Mortgage in Maltese Maritime
What is a Mortgage?
A mortgage is an instrument executed by the mortgagor (the debtor) in favour of the mortgagee (the debtor), by which a ship may be made security for a debt. The Instrument of Mortgage must be made in the prescribed form, in the presence of a witness. The Instrument of Mortgage is usually accompanied by a Deed of Covenants specifying the time and method of repayment of the debt, the interest rate, insurance requirements, restrictions on the operation of the ship and the rights of the mortgagee upon default.
Why Use a Mortgage?
Mortgage is considered to be an extremely secure form of security under Maltese Law due to (i) its extended reach, (ii) limitation rights available to the mortgagee, (iii) priority rights granted upon default and (iv) strong self-help remedies available upon default.
Extended Reach
Maltese law expressly provides that a ship shall include together with its hull, all equipment, machinery and other accessories belonging to the ship. Even equipment, machinery or accessories which have been temporarily removed from the ship are considered to constitute part of the ship for security purposes. Hence, a mortgage over a ship also extends to such equipment, machinery and accessories.
The mortgage continues to attach to the ship and accessories until it is discharged or extinguished. It can only be extinguished in three cases, being:
(i) If the asset is forfeited and the mortgagee has consented to or conspired in the act leading to the forfeiture.
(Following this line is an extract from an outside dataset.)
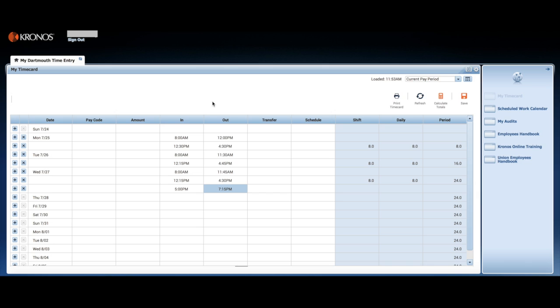For this reason, employees must transfer their worked time for any non-default assignments. This is done using the transfer drop-down located after the in and out times for each shift.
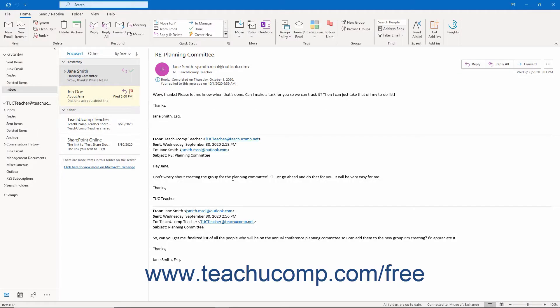When you have multiple messages in your Inbox folder or any Mail folder, it can be difficult to find specific messages. In this case, you can use the Instant Search or Microsoft Search feature of Outlook, depending on which version of Outlook you are using, to quickly find messages.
(ii) If the asset is sold by court order (judicial sale), in which case the rights of the mortgagee shall pass on to the proceeds of the sale.
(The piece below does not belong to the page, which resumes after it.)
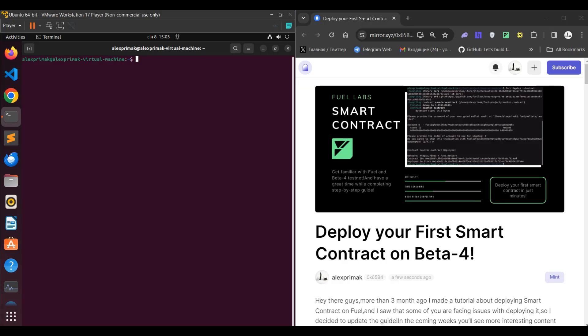Welcome here guys. Around three months ago I created a guide on how to deploy a first smart contract on beta-4, and since that time I see that in the last couple of weeks people are facing some issues. So I think it might be quite useful to update this guide.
(iii) If the asset is sold by a mortgagee in possession free from encumbrances, in which case the rights of all prior ranking mortgagees shall pass on to the proceeds of the sale.
The mortgage also extends to any indemnity arising from collisions and other mishaps as well as any insurance proceeds.
A mortgage may cover future obligations provided a maximum sum is expressly stated in the Instrument of Mortgage. However, the application of this rule is limited to mortgages executed in favour of credit institutions in approved jurisdictions.
Limitation Rights
The Instrument of Mortgage can also be drafted in a manner to require the prior written consent of the mortgagee prior to any further mortgages being registered on the ship. However, this rule shall not apply where such further mortgage is executed in favour of an existing mortgagee.
Priority Rights
Under Maltese law, a ship constitutes a separate and distinct asset to the estate of its owner for the security of actions to which it is subject. This means that all claims to which the ship is subject will have preference over all other claims of the owner’s estate. This preference is also not affected by the bankruptcy or insolvency of the owner. Even in cases of bankruptcy or insolvency of the owner, the claims of mortgagee shall not be interrupted by any liquidators.
Self-Help Remedies
Upon default and due notice in writing to the mortgagor, the mortgagee shall be entitled to:
(a) Take possession of the ship;
(b) Sell the ship, provided there are no prior ranking mortgagees (in which case, the consent of all prior ranking mortgagees is required);
(c) Apply for any extensions, pay fees, receive certificates and generally do all such things in the name of the owner as may be required to maintain the status and validity of the registration of the ship.
A mortgage is also considered to be an executive title under Maltese law, meaning that the mortgagee may enforce his claim against the mortgagor without needing to go through lengthy and expensive court proceedings.
Registration of Mortgage
Importance of Registration
Mortgages rank amongst each other from the day and hour on which they are registered. Furthermore, many of the aforementioned rights (such as all self-help remedies) are only available to registered mortgages.